Finding the Volume of a Solid Using Cross Sections

Key Concepts

Two main formulas for finding the volume of a solid through integration:
1. Integral from a to b of the area function A(x) dx (cross-sections perpendicular to the x-axis).
2. Integral from c to d of the area function A(y) dy (cross-sections perpendicular to the y-axis).

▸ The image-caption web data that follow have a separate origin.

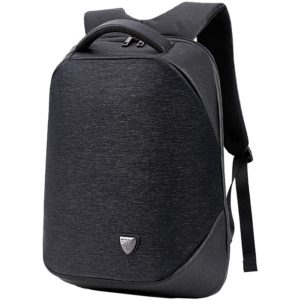 ARCTIC HUNTER τσάντα πλάτης B00193-BK με θήκη laptop 15.6, μαύρη B00193-BK.( 3 άτοκες δόσεις.)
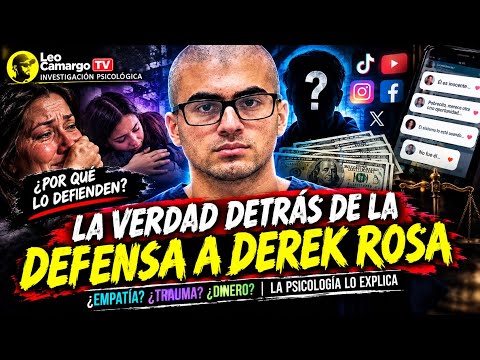 The danger of defending Derek Rosa: What does psychology tell us?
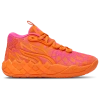 Puma Boys   Mb.01234 In Orange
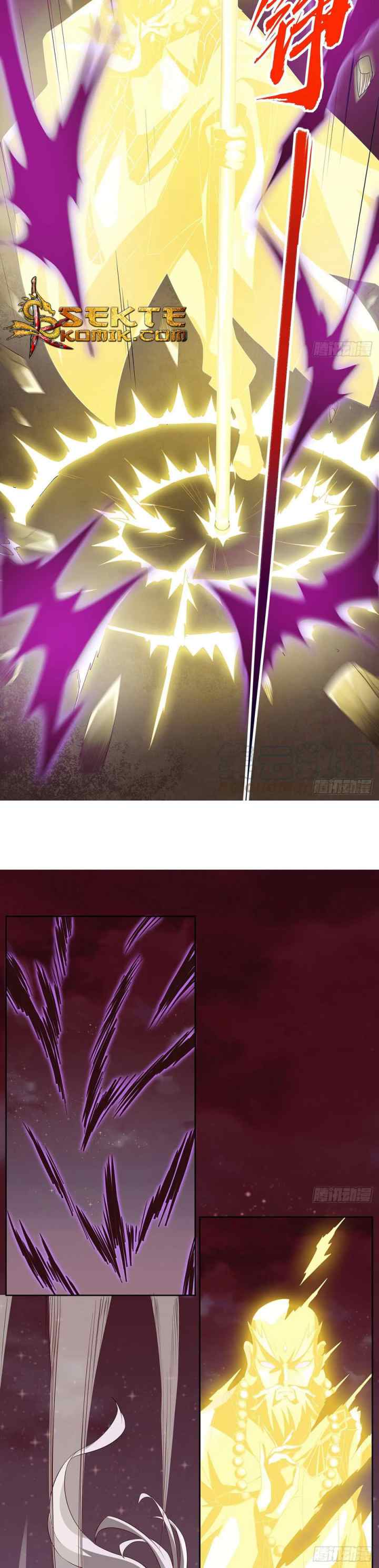 The Inverted Dragon's Scale chapter 104 halaman 4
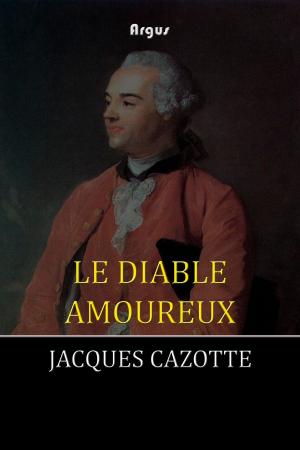 Book cover of Le Diable amoureux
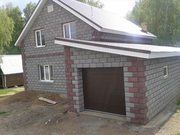 Строительство гаражей или пристроек под ключ.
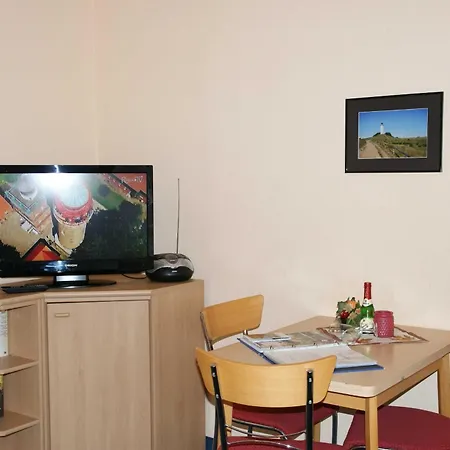 Apartamento 20 Residenz Seeblick Sellin (Rugen)
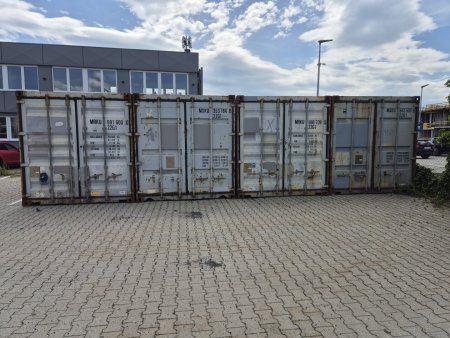 Ihr Container zum Mieten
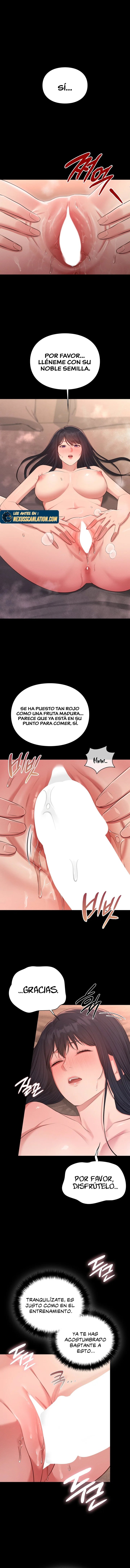 Monja Esclava Sexual Capítulo 10 - Página 10
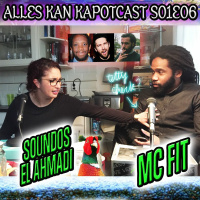 S01E06 - Margaritas  Chipitos (met Soundos El Ahmadi  MC Fit)
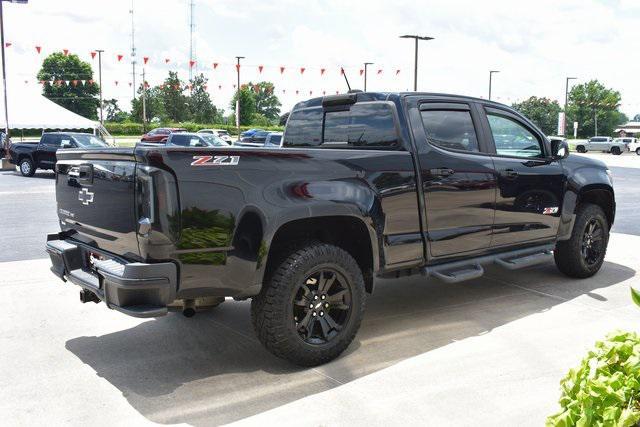 used 2017 Chevrolet Colorado car, priced at $24,998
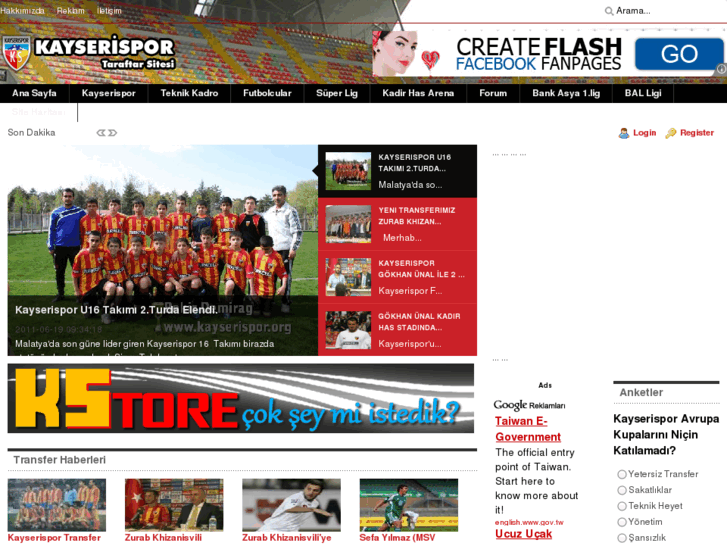 www.kayserispor.com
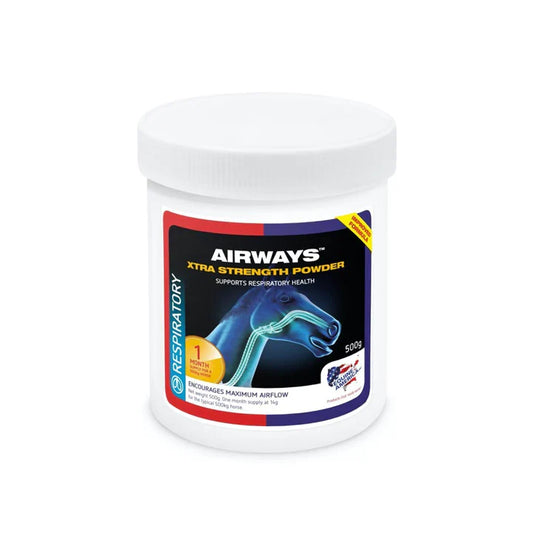 EQUINE AMERICA AIRWAYS XTRA STRENGTH POWDER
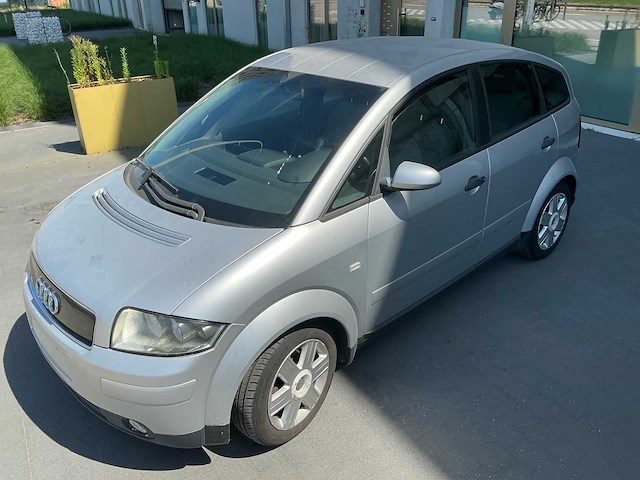 2003 audi a2 personenauto - afbeelding 1 van  22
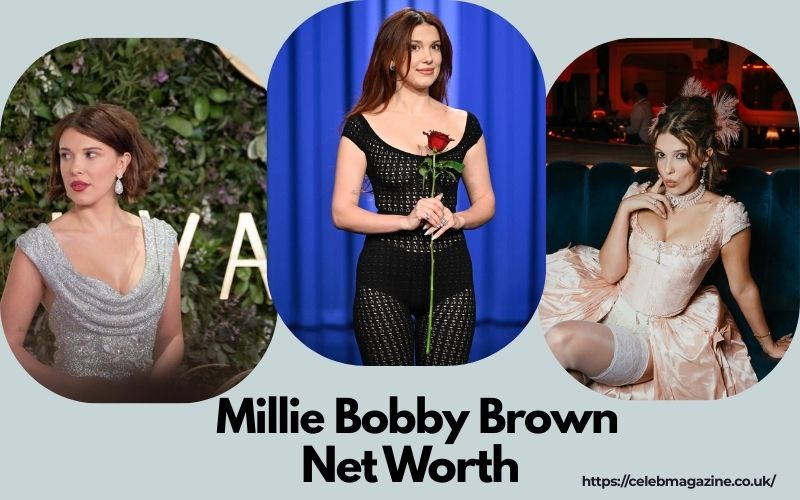 Millie Bobby Brown Net Worth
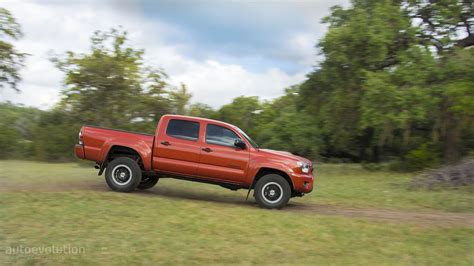 2015 Toyota Tacoma Trd Pro Review Autoevolution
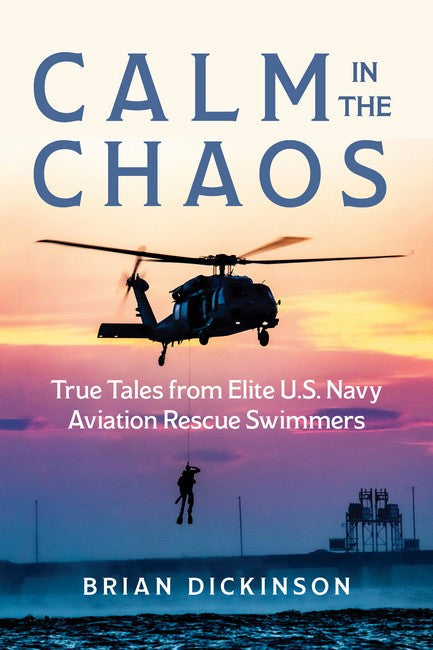 Calm in the Chaos cover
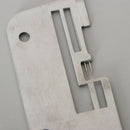 Household Sewing Machine Needle Throat Plate for Janome MyLock, Juno, Harmony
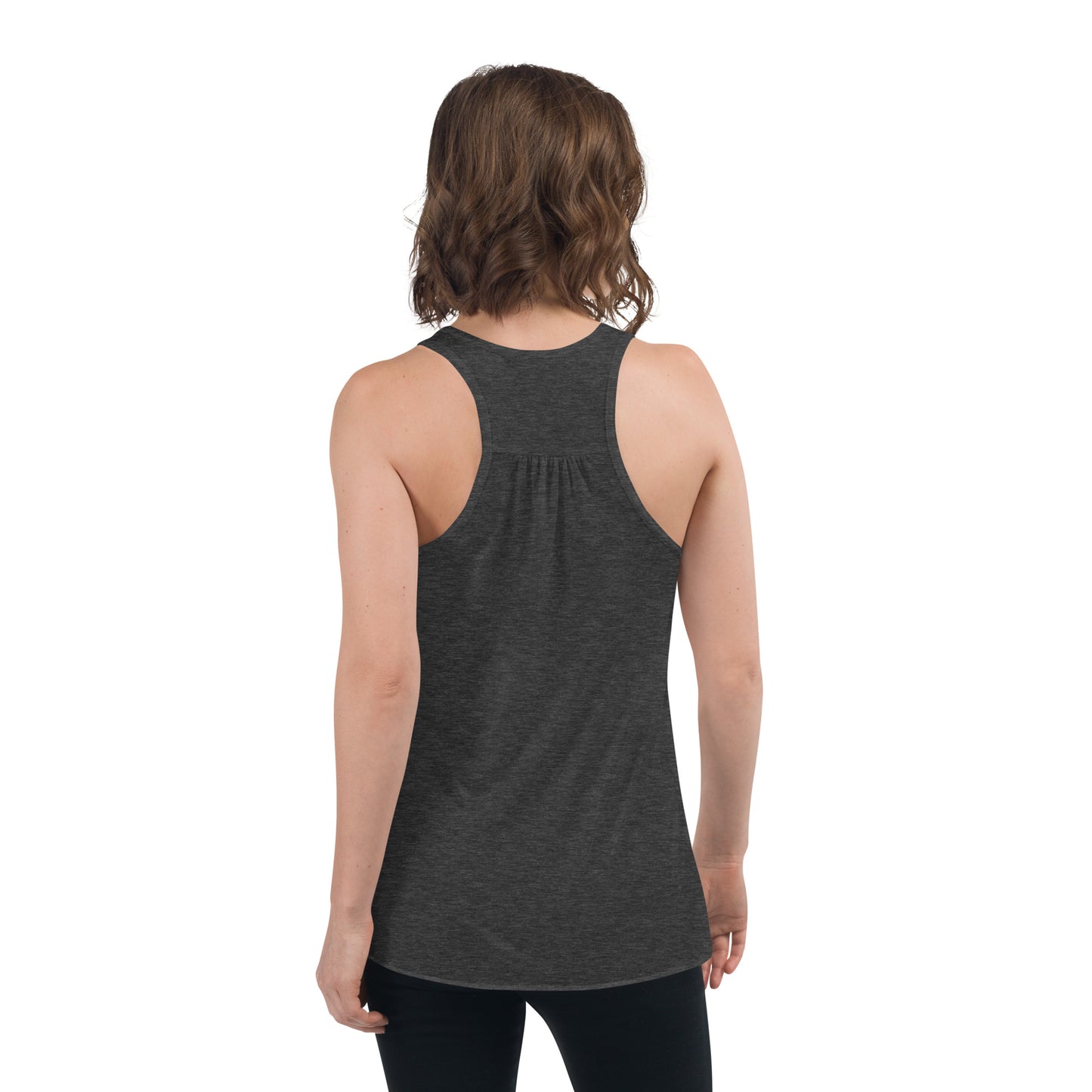 Fry Jack Appreciation Society Women's Flowy Racerback Tank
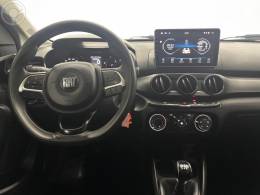 FIAT - ARGO 1.0 FIREFLY FLEX DRIVE MANUAL - 2021/2022 - PRATA - R$ 59.900,00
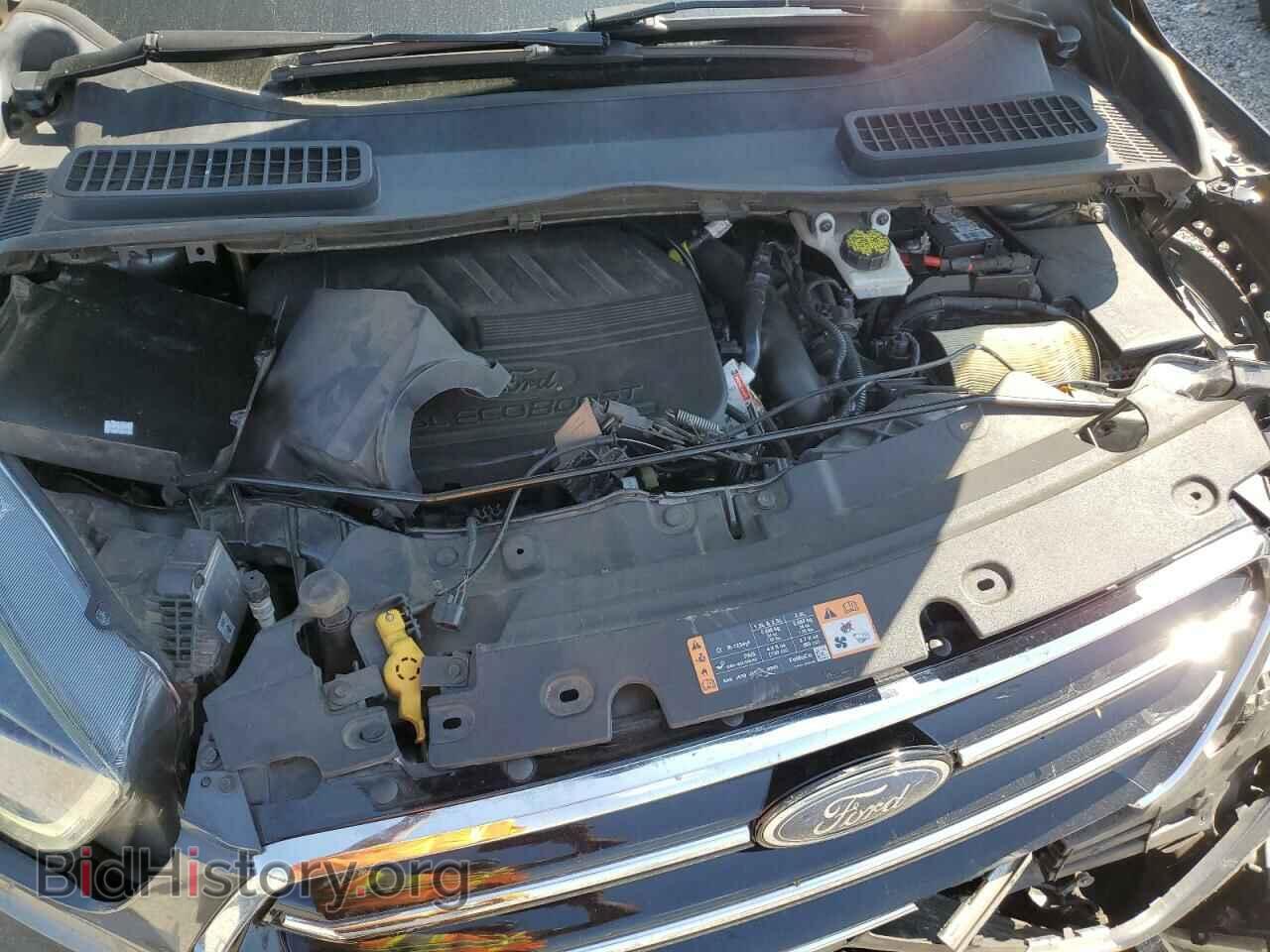 2017 FORD ESCAPE - VIN: 1FMCU0GDXHUB73485 - Фото 12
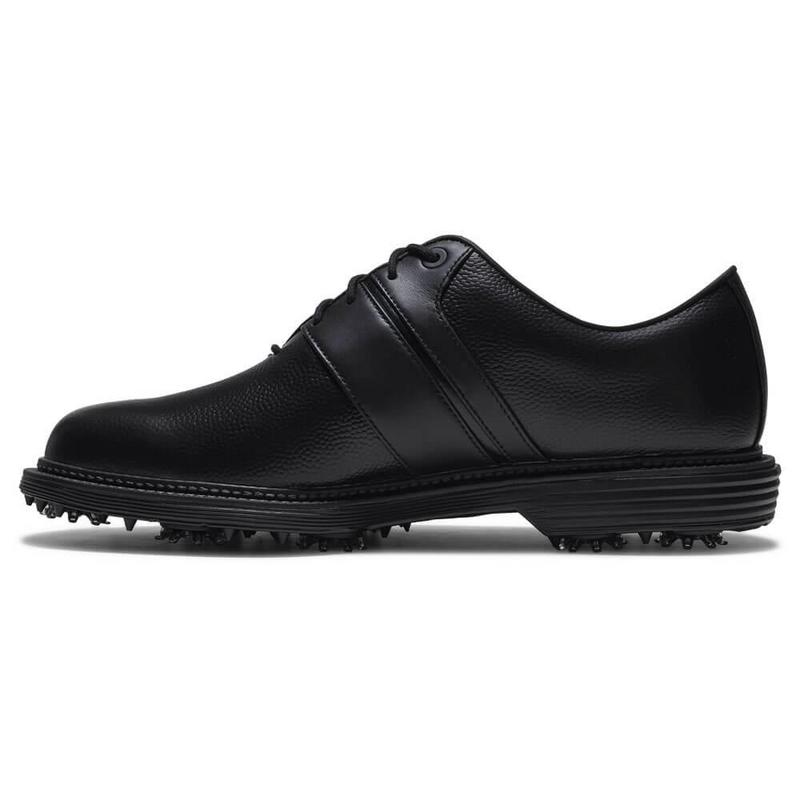 FootJoy Premiere Series Packard Golf Shoes - Black/Dark Grey - main image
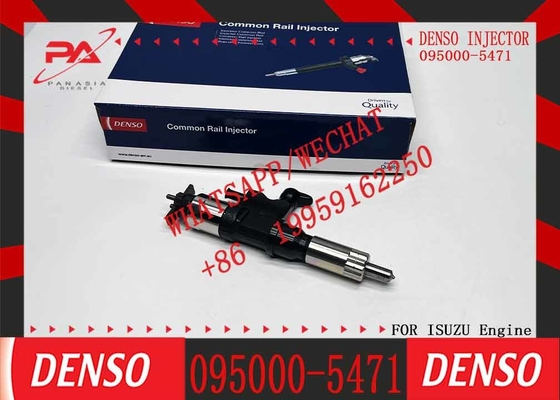 High Quality Diesel Common Rail Fuel Injector 095000-5471 095000-5470 095000-5473 095000-5474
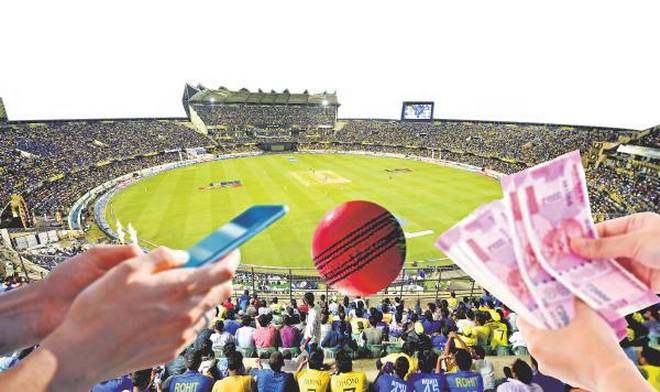Cricket : క్రికెట్‌ బెట్టింగ్‌ నిర్వాకులపై కేసు నమోదు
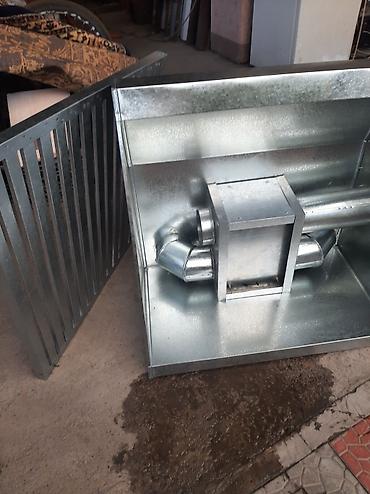 Жестяные работы: Жестяные работы, Листогиб, Вентиляция, Изготовление изделий — 8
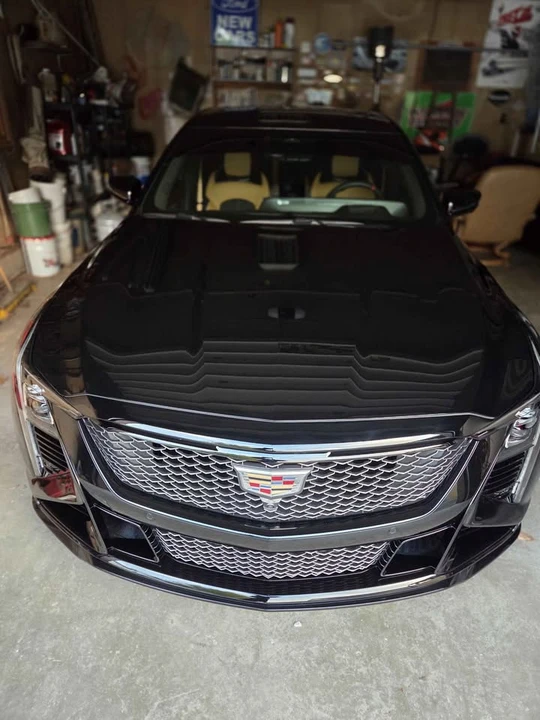 2026 Cadillac CT5-V Blackwing - Image 5 of 13
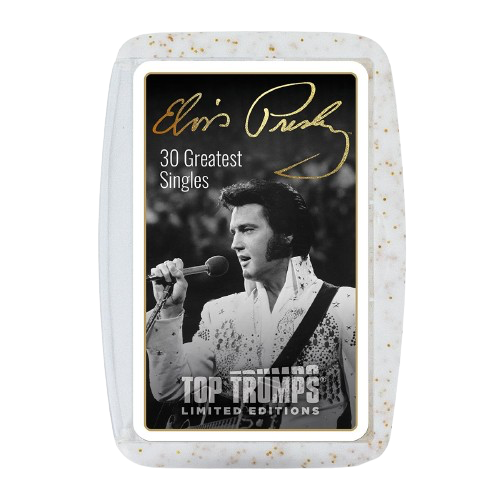 Top Trumps - Elvis Special Edition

Function & Boundaries: y = sqrt(x), bounded by the x-axis and the line x = 4
Cross Sections: Squares, perpendicular to the x-axis
Area of Cross Section: Side^2 (s^2)
- s is the base of the cross-section
- y = s
- A(x) = y^2 = (sqrt(x))^2 = x
Volume Calculation:
- Integral from 0 to 4 of x dx
- Antiderivative: x^2/2 from 0 to 4
- Calculation: 16/2 - 0 = 8

Function & Boundaries: y = 4 - x/2, bounded by the x-axis, y-axis
Cross Sections: Semi-circles, perpendicular to the x-axis
Graph:
- Line: Slope -1/2, y-intercept 4
- Equation rewritten as: y = -1/2 x + 4
- X-intercept: x = 8
Area of Cross Section:
- Diameter s = y
- Radius r = s/2
- Area of semi-circle: 1/2 π r^2 = 1/2 π (s/2)^2 = 1/2 π (1/4 s^2) = 1/8 π s^2
- s = y = 4 - x/2
- A(x) = 1/8 π (4 - x/2)^2
Volume Calculation:
- Integral from 0 to 8: 1/8 π (4 - x/2)^2 dx
- Expand A(x): (4 - x/2)^2 = 16 - 4x + 1/4 x^2
- Integral: 1/8 π ∫ (16 - 4x + 1/4 x^2) dx
- Separate constants and integrate: 1/8 π (16x - 4x^2/2 + x^3/12) from 0 to 8
- Evaluate: 1/8 π ([8^3/12 + 8^2/2 * 2 + 16 * 8] - 0)
- Simplify: 1/8 π ([64/12 + 32 + 128])
- Solution: 16π/3 ≈ 16.755

Utilize geometric properties of cross-sections to find area functions in terms of x or y.
Apply definite integrals to compute the volume.
Simplify by recognizing relationships between cross sections, their areas, and integration limits.